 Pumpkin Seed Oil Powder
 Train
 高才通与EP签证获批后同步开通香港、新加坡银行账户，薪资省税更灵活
* * *
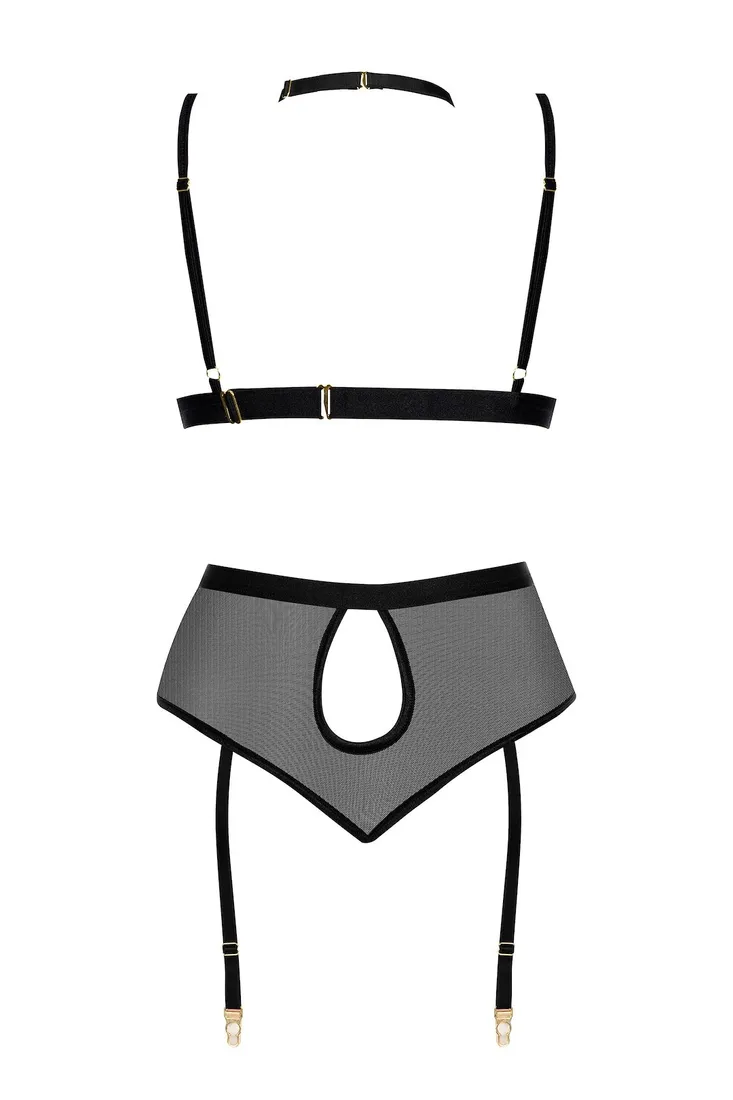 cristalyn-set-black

• [Problem to solve] Take exactly the lines from the one containing "Pumpkin Seed Oil Powder" through the one containing "高才通与EP签证获批后同步开通香港、新加坡银行账户，薪资省税更灵活" in the data above, and output them with nothing added.

• [Answer below]
 Pumpkin Seed Oil Powder
 Train
 高才通与EP签证获批后同步开通香港、新加坡银行账户，薪资省税更灵活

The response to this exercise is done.